One of the greatest challenges facing President Obama when he took office was restoring America’s standing among other nations, especially our standing in the Arab and Muslim world, so badly shattered, on our end, by Sept. 11 – and, on their end, by the war in Iraq.
As press secretary Robert Gibbs has repeatedly pointed out, rebuilding this relationship will not be quick or easy. It’s part of a long process. But, even before Cairo, Obama was off to a good start.
He gave his first television interview as president to Al-Arabiya, an Arab-language network. He called on George Mitchell to restart the Middle East peace process. He went to Turkey and addressed the Parliament. He reached out to Iran. He outlawed torture and signed orders to close Gitmo and start bringing our troops home from Iraq.

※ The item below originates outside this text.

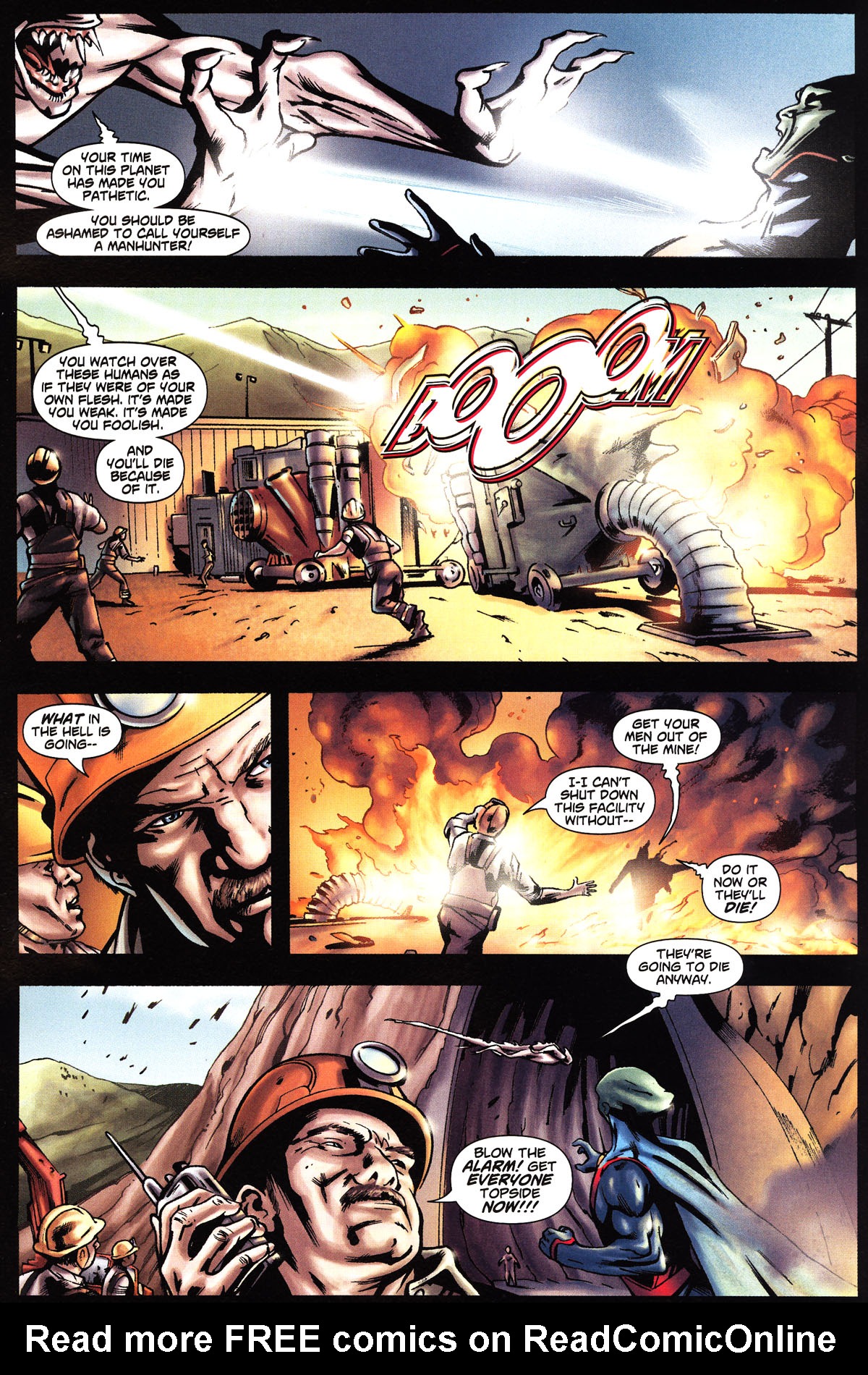 Read online Martian Manhunter (2006) comic -  Issue #7 - 12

That set the stage for his historic appearance at Cairo University and what will be remembered as one of the most powerful and important speeches ever given by any American president. Obama didn’t pull any punches or duck any issues. He coupled a fervent plea for peace with direct challenges to both Arabs and Israelis. He laid out an agenda for Afghanistan, Iraq and Iran. And he urged Muslims, Jews and Christians to unite against Islamic extremists.
It’s time, Obama said, to move beyond the built-in prejudices that divide us. The son and grandson of Muslims, now president of the United States, acknowledged feeling a personal responsibility to fight negative stereotypes of Islam wherever they appear. At the same time, he told his Muslim audience, they must see America as it really is. “America is not the crude stereotype of a self-interested empire. The United States has been one of the greatest sources of progress that the world has ever known.”
And, standing in the land that gave birth to the Muslim Brotherhood and Osama bin Laden’s chief deputy Ayman al-Zawahiri, Obama called on Muslims everywhere to join in denouncing terrorism. “None of us should tolerate these extremists. … They have killed people of different faiths – more than any other, they have killed Muslims.” And their violence, he pointed out, is antithetical to the Holy Quran, which teaches that, “whoever kills an innocent, it is as if he has killed all mankind.”
On Iraq, Obama repeated his commitment to remove all combat troops by August 2010 and to remove all troops from the country by 2012. To those who still resent the former presence of U.S. military bases in Saudi Arabia, he vowed that the United States would seek no permanent military bases in Iraq or Afghanistan. And he recognized Iran’s right to establish nuclear power plants, while again rejecting their right to build nuclear weapons.
Words are only words, of course. As many commentators have pointed out, the success of Obama’s mission to restore good relations with the Muslim world will depend on his actions to bring peace to the Middle East. So, on that issue, he spoke with unusual bluntness. He reaffirmed our special bond with Israel, while telling its leaders they had to stop building settlements and accept the inevitability of a Palestinian state. For the first time, he actually spoke of a nation called “Palestine,” but told Arabs they first had to renounce violence and recognize Israel’s right to exist.
In some of his most moving language, Obama called for religious tolerance, urging people of all faiths to respect the beliefs and practices of others. And, having just come from Saudi Arabia, where women still aren’t even allowed to drive, he boldly prodded all nations of the Arab world to grant equal rights to women.
One speech isn’t going to solve all the world’s problems. But this one – immediately translated into 13 languages by the State Department and broadcast around the world – has the potential, over time, to bring about dramatic change in our relationship to the Arab world.
In Obama’s vision, we no longer see Muslim nations as countries we can bomb whenever and wherever we want, but as nations whose independence and culture we respect. And they see us no longer as a global bully, but as a friend and partner who leads by example, not by military might alone.
Today, for Muslims worldwide, there’s no doubt the American Dream is still very much alive. They saw dramatic proof of that dream standing before them, in Cairo.